AAPIDA In-Depth | Windy Chien On Her Journey with Knots and Leaning Into the Unknown

Introducing our new AAPIDA interview series where we spotlight our members through in-depth conversations about their background and their craft. Our first feature is Windy Chien, a fine artist based in San Francisco who creates sculptures from individual knots. 

By Vivian Wong

Windy Chien

At first glance, the sheer scale of Windy Chien’s sculptures bowls you over and leaves you capsized, in pure awe. A closer look reveals the series of individual knots that form each piece. Chien’s sculptures are a culmination of smaller components that, together, weave a monumental visual narrative. In this way, Chein’s journey as an artist can be traced to the same starting point as each of her masterpieces: an entire career that started with a single knot. 

Chien is an artist based in San Francisco and uses knotting to create sculptures and site-specific installations. Her previous clients include the National Geographic Society, the De Young Museum, the San Francisco MOMA, Nobu Hotels, Google, the U.S. Department of State, and the Kering Group. Through knotting, Chien explores tensions between assumed ideas within cultural and social constructs.

Chien’s career as an artist began in 2016 with The Year of Knots after 8 years as ​​iTunes product manager, producer, and curator at Apple and 14 years as the owner of Aquarius Records. Chien was at a turning point, breaking away from her established career in tech at 46 to spend a year fully immersed in the pursuit of creativity. She jumped from ceramics to woodworking before finally finding a perfect fit with knotting. Soon after tying her first knots, Chien realized she wanted to create macramé that was distinct from the rest of the world’s. “If most macrame looks alike, [it’s] because there [are] only three or four knots that anybody ever uses [...]. At the time, I didn’t know that there are 4,000 knots in the world, but I thought, I’ll just learn a bunch of knots. I’ll learn one knot every day for a whole year.”

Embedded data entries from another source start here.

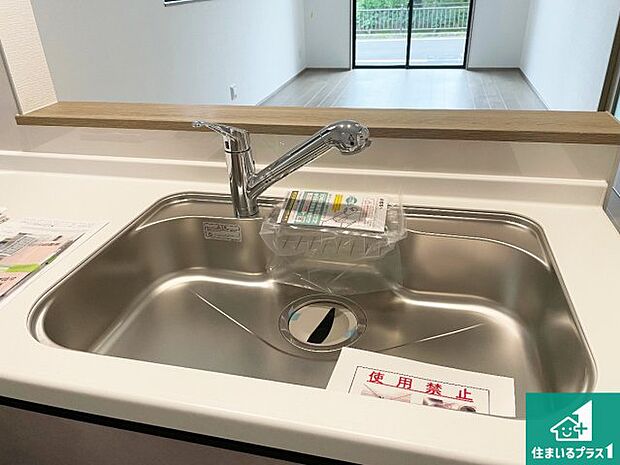 【キッチンシンク】蛇口の先端に浄水器を内蔵しています!原水と浄水、お湯と冷水、シャワーの切替えがワンタッチなので用途によって使い分けられます。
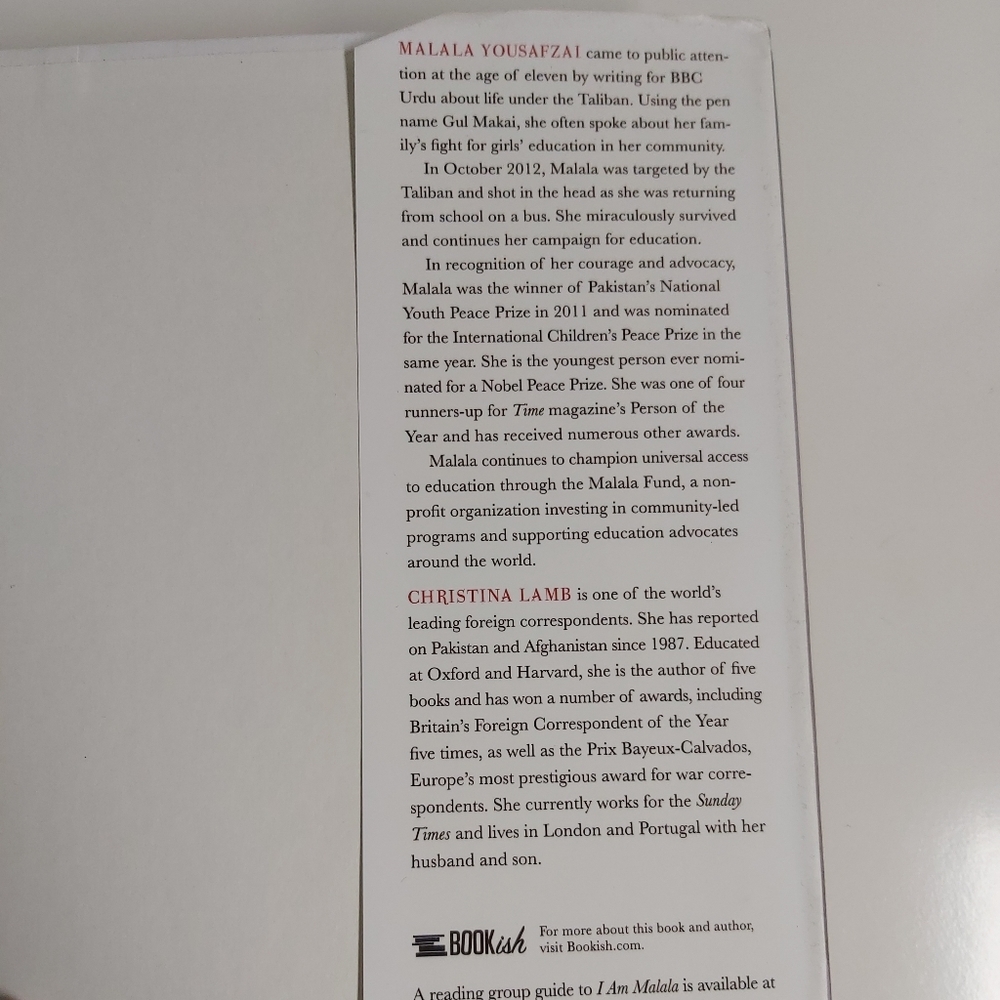 🤩2/$30 I am Malala - hardcover book - Picture 3 of 4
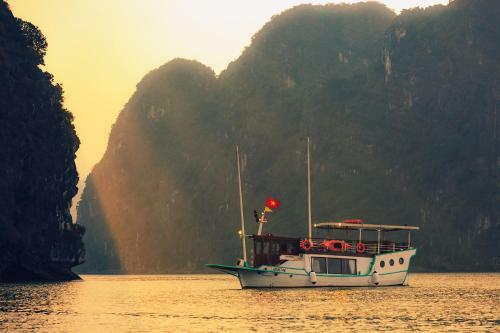 L'azalee Cruise Halong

Over the course of a year, Chien hung each new knot she learned on her wall. As the months passed, she realized the knots began to form a project bigger than she imagined; together, they transformed into a full art installation, and, above all, her first work of art. Chien posted her progress through The Year of Knots on social media and amassed a flood of public and media attention. Multiple book publishers reached out to her to write a book about her experience, and she signed her first book deal. The Year of Knots was an instant hit. 

Although the year of knots drew a wave of public attention, Chien was cautious about pursuing art full-time. As a descendant of Asian American immigrants, practicality was a major emphasis; the idea only became viable when she began to receive increased interest from prospective customers after the publication of her book. “I was very focused on, can I make a living from this? Does this have legs? Can I support myself?”

 The tension between caution and the ability to lean into the unknown remains a balance Chien continues to navigate even today. A month ago, she finished a 2-week expedition towards the North Pole aboard a three-masted schooner as a participant of the Arctic Circle Residency where she crafted a net from blue rope on the Arctic ice. Hanging the net at the front of the ship, a fellow artist from the residency suggested to be suspended within the net nude above the water. The photo of the performance depicts vulnerability and trust as the artist depends on the net to hold her from falling into the ocean. Against the Arctic backdrop, the net contrasts with the colossal glacier behind it, emphasizing the scale of the moment.

As this residency did not require her to have a completed piece by the end of it, Chien’s decision to create the net was an improvisation. When asked about the biggest takeaway from her time at the Arctic Circle Residency, Chien says, “I learned that I don’t have to have a plan. I can just go in and respond in a creative way”.

But hasn’t her path as an artist been largely defined by her ability to lean into the unknown? From the moment she decided to leave Apple, she has always stepped forward into uncertainty, weaving beauty out of the unknown with every single knot. Thinking for a while, Chien muses, “Yeah…Maybe it's a lesson I needed to learn again[...]But that’s funny because I didn’t really recognize it as a lesson that I had learned before. That’s funny. That’s really amazing.”

In the end, it’s the breadth of her work and being a witness to these individual steps that comprise a whole journey that really takes our breath away. As Chien continues to weave her art, there is one enveloping emotion she hopes her viewers will be able to take away from her work: “[T]hat is a sense of awe and coming in close second, is delight[…]that sense of being part of this thing that's very big, but it was made for the community[… ]The sense of something that's bigger than any one person.”

Windy Chien on AAPIDA:
“I heard about AAPIDA when Kevin Pong and Noz Nozawa held the kickoff event here in San Francisco in January 2024. While I had worked with several members of the AAPI design world previously, gathering everyone together felt so right: Manifesting a community that already existed under a common banner that we can all wear proudly. When I meet with an AAPI designer, there is an immediate commonality and trust, things I value very much. Already a few commissions have come my way via our community, for which I’m grateful.”